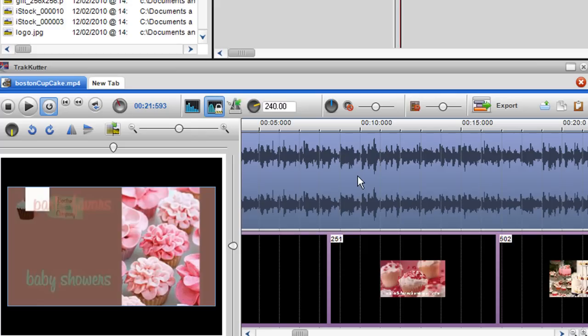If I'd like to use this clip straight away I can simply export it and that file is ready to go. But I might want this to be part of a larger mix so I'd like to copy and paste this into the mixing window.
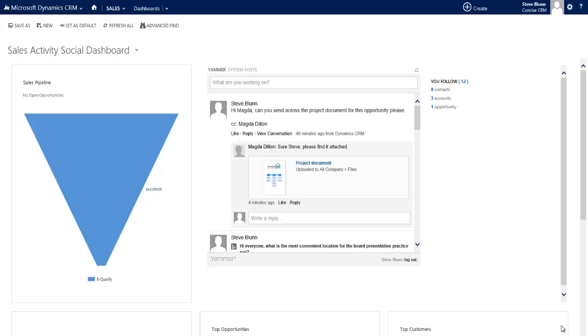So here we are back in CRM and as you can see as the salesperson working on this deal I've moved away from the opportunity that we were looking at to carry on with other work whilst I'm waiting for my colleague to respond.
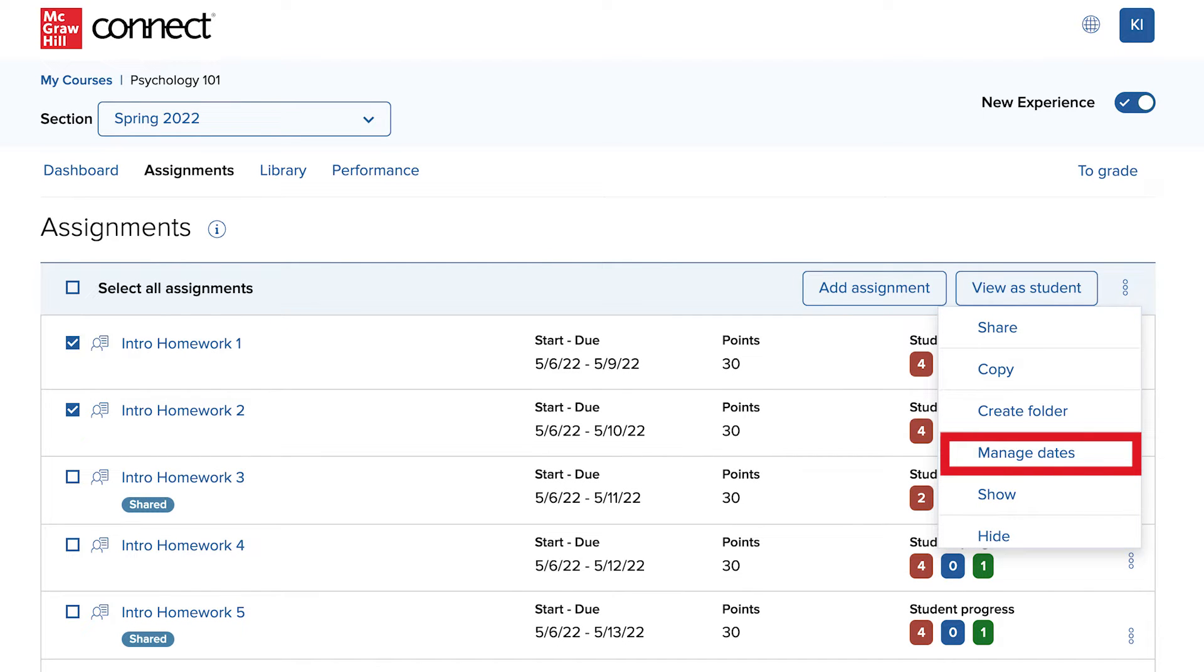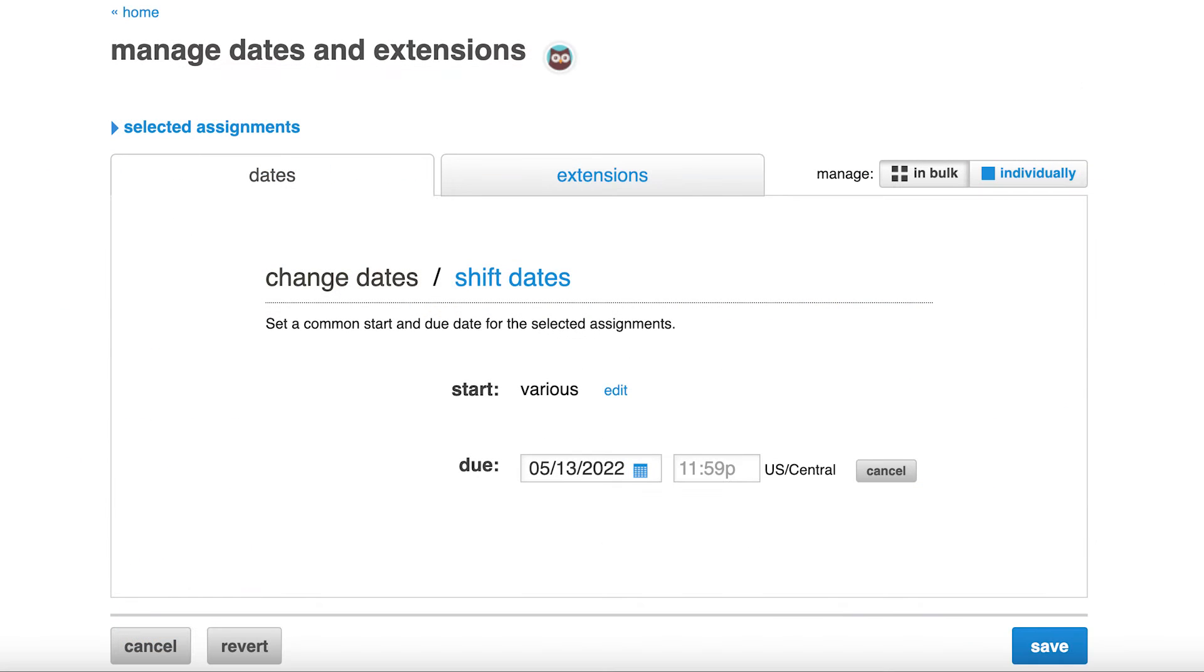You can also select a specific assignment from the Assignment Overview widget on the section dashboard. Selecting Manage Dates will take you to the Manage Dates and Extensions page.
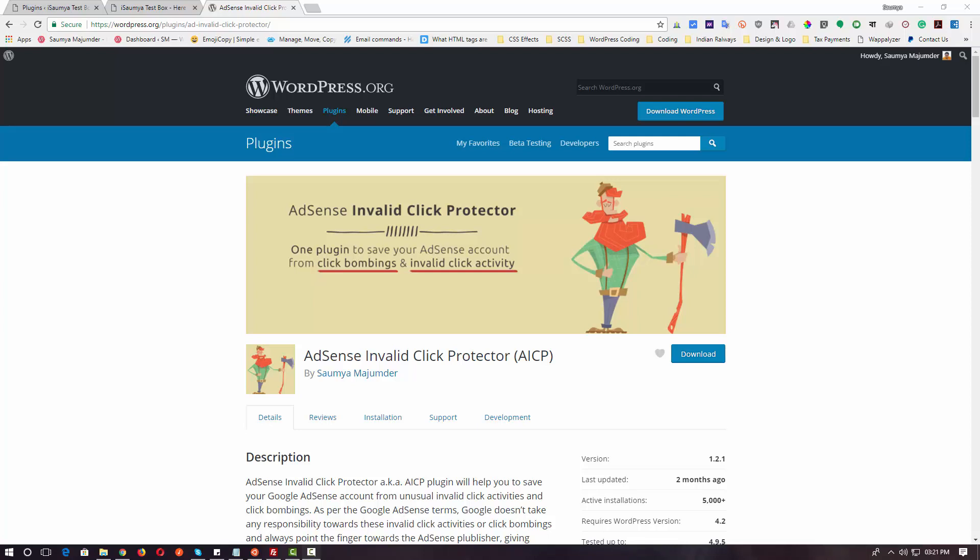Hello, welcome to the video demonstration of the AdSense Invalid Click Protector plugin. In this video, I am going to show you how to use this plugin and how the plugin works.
---
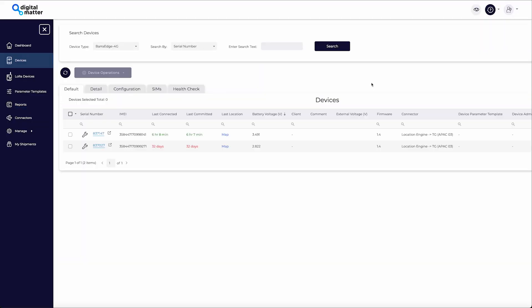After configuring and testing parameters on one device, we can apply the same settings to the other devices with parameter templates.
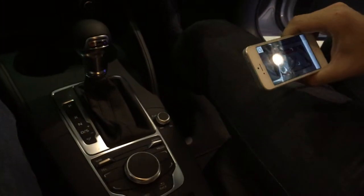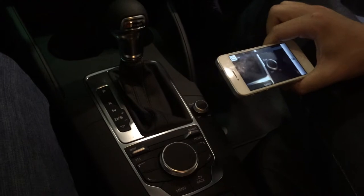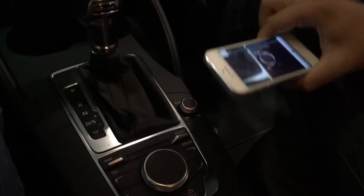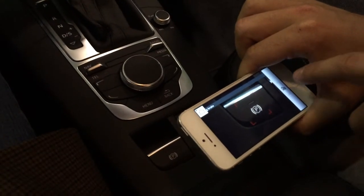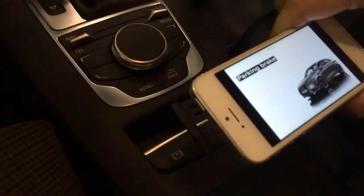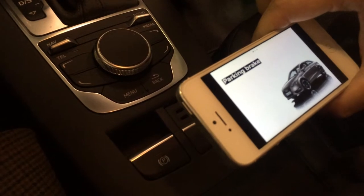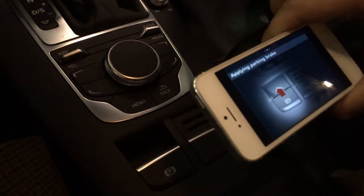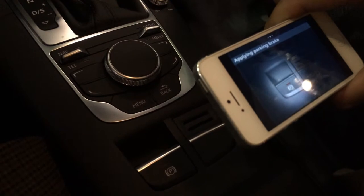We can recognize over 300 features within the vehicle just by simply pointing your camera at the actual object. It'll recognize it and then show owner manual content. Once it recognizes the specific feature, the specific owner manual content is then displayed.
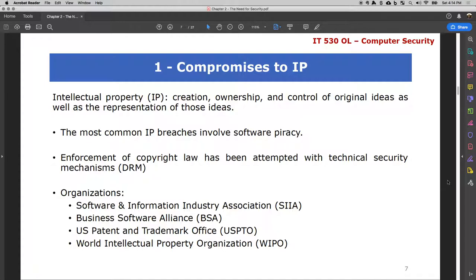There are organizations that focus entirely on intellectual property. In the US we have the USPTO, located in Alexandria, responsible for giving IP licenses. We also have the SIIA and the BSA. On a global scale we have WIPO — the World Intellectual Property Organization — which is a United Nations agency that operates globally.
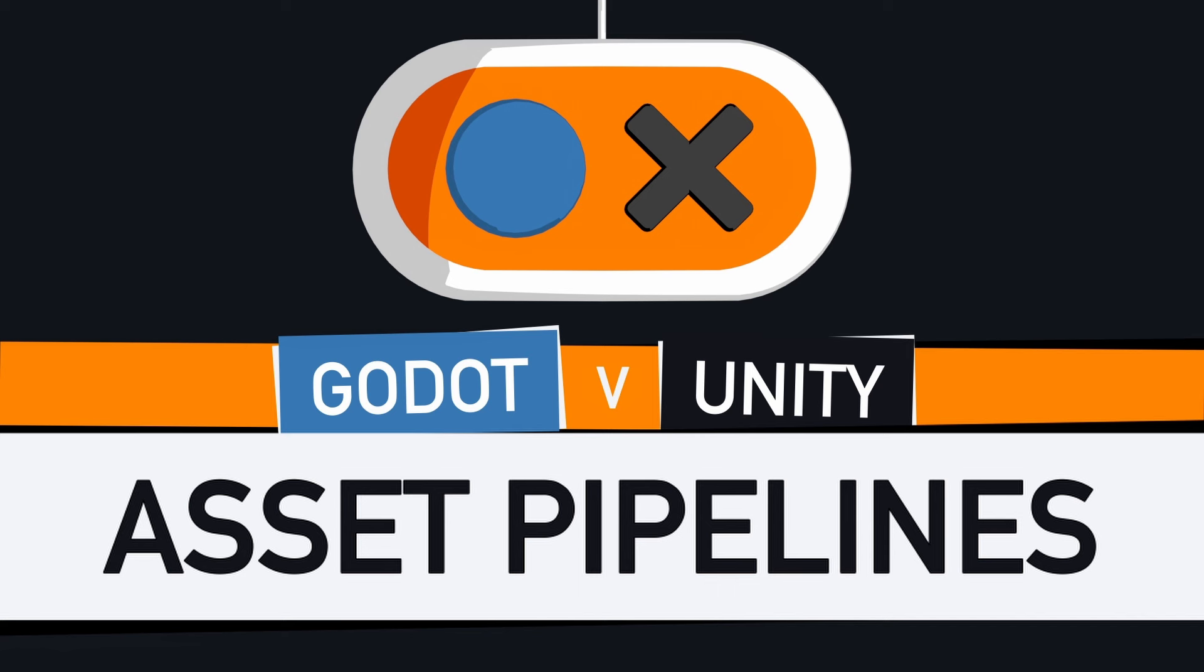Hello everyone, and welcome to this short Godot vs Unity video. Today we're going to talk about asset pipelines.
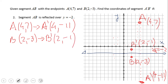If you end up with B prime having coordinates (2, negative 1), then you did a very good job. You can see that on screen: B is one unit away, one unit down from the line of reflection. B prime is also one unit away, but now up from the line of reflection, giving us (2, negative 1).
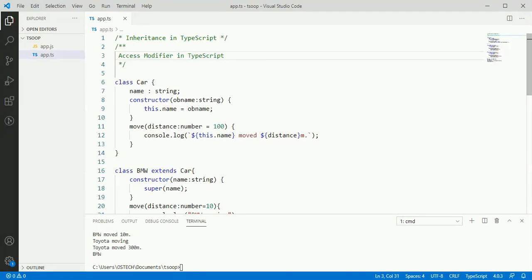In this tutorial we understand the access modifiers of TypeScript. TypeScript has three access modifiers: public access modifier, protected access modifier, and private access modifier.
* * *
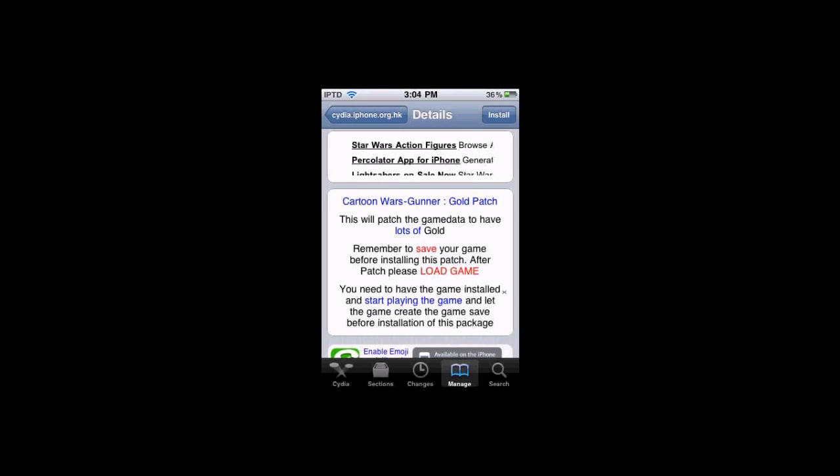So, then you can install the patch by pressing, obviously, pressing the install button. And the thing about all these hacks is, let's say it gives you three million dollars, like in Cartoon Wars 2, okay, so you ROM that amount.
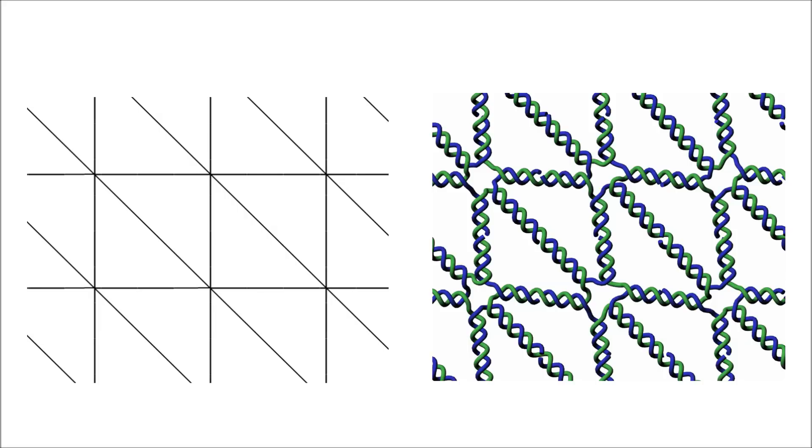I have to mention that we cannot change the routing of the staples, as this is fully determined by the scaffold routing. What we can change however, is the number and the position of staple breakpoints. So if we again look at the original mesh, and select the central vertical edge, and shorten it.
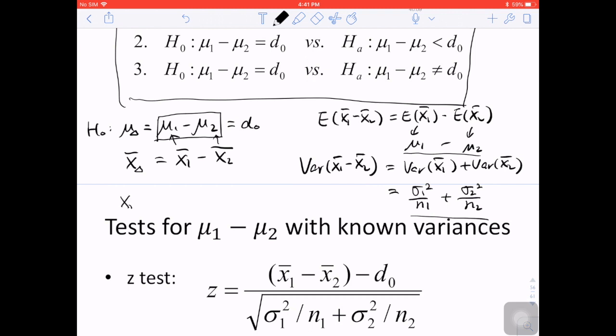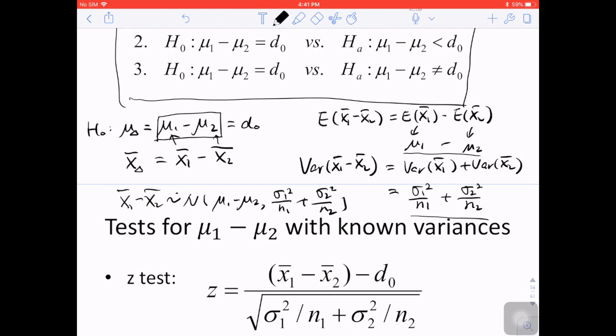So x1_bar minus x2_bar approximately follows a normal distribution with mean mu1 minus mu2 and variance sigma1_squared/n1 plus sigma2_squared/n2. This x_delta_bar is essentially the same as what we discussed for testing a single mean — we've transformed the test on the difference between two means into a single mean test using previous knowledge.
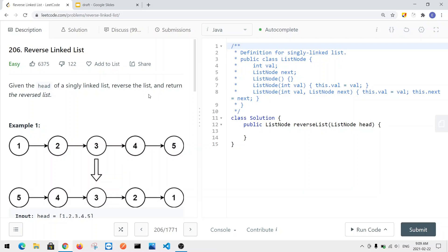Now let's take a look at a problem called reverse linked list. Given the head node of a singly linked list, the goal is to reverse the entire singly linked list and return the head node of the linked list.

What you should do:
Only one stretch of the material above is wanted: the line containing "If I'd like" through the line containing "You can also". Restate it word for word, minus the pictures.

Answer area:
If I'd like to use this clip straight away I can simply export it and that file is ready to go. But I might want this to be part of a larger mix so I'd like to copy and paste this into the mixing window.
So here we are back in CRM and as you can see as the salesperson working on this deal I've moved away from the opportunity that we were looking at to carry on with other work whilst I'm waiting for my colleague to respond.
You can also select a specific assignment from the Assignment Overview widget on the section dashboard. Selecting Manage Dates will take you to the Manage Dates and Extensions page.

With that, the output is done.